> _REQUIRED ACTION_
Excerpt from the entries below: please repeat exactly the lines from the one containing "Number two: outstanding" through the last one, both ends included, with no pictures.
___ INPUT DATA
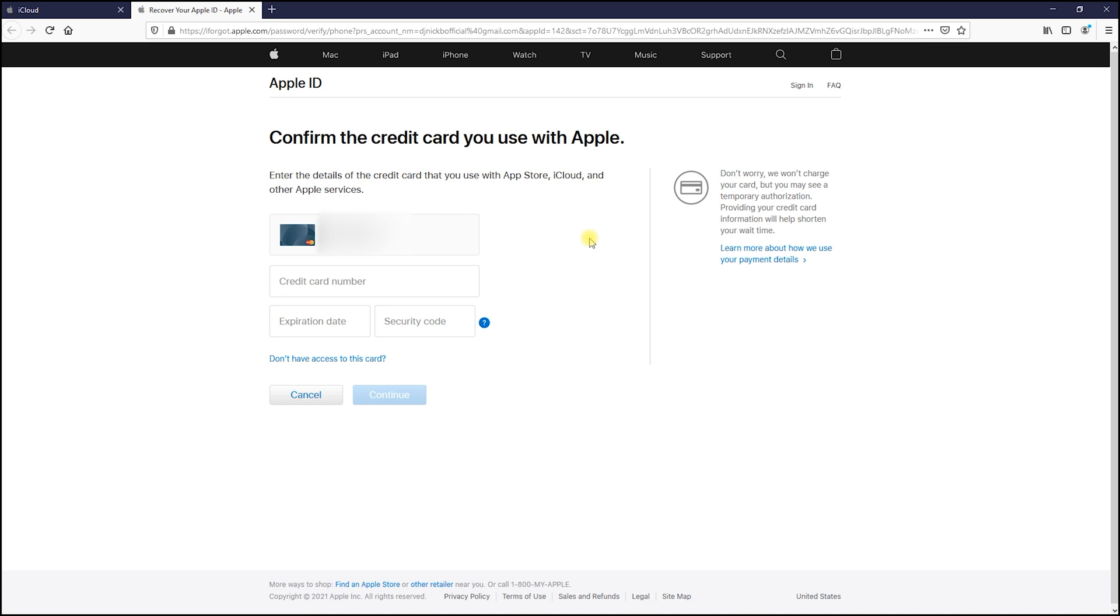Add your credit card info or choose the I don't have access option if you don't have access to your card.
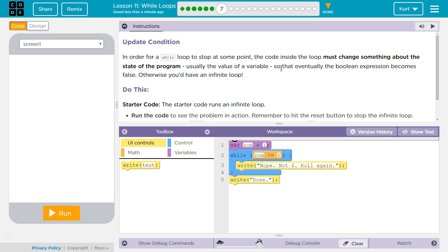Update Condition. In order for a while loop to stop at some point, the code inside the loop must change something about the state of the program — usually the value of a variable — so that eventually the Boolean expression becomes false. Otherwise, you'd have an infinite loop.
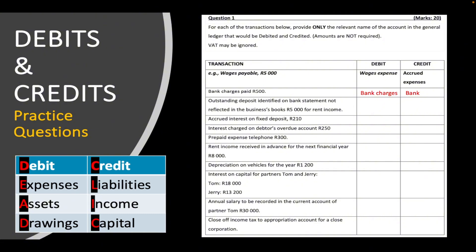Number two: outstanding deposit identified on bank statement, not reflected in the business's books, 5,000 rand rent income. We debit bank because money came into our account — it's a deposit, and bank is an asset that increases on the debit side. Whenever money comes in, we debit bank; whenever money goes out, we credit bank. We credit rent income because we credit income whenever we earn it.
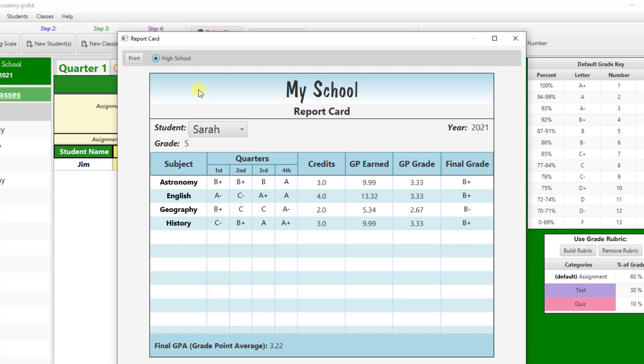The quarter grades can be edited by double-clicking on the grade and typing in the desired edited grade. This can be a number grade, percentage grade, standard letter grade, or any custom letter grade you like. If it is a proper grade, the final average will adjust automatically.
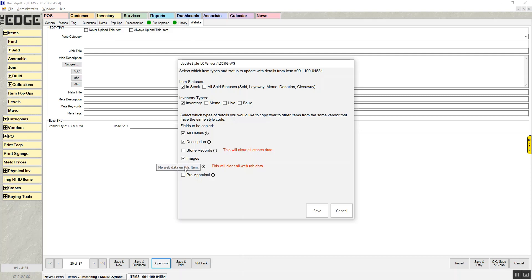So again, the style updater is a new feature in the Edge 21.1 release.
______
> _ANSWER TO THE EXERCISE_
Number two: outstanding deposit identified on bank statement, not reflected in the business's books, 5,000 rand rent income. We debit bank because money came into our account — it's a deposit, and bank is an asset that increases on the debit side. Whenever money comes in, we debit bank; whenever money goes out, we credit bank. We credit rent income because we credit income whenever we earn it.
The quarter grades can be edited by double-clicking on the grade and typing in the desired edited grade. This can be a number grade, percentage grade, standard letter grade, or any custom letter grade you like. If it is a proper grade, the final average will adjust automatically.
So again, the style updater is a new feature in the Edge 21.1 release.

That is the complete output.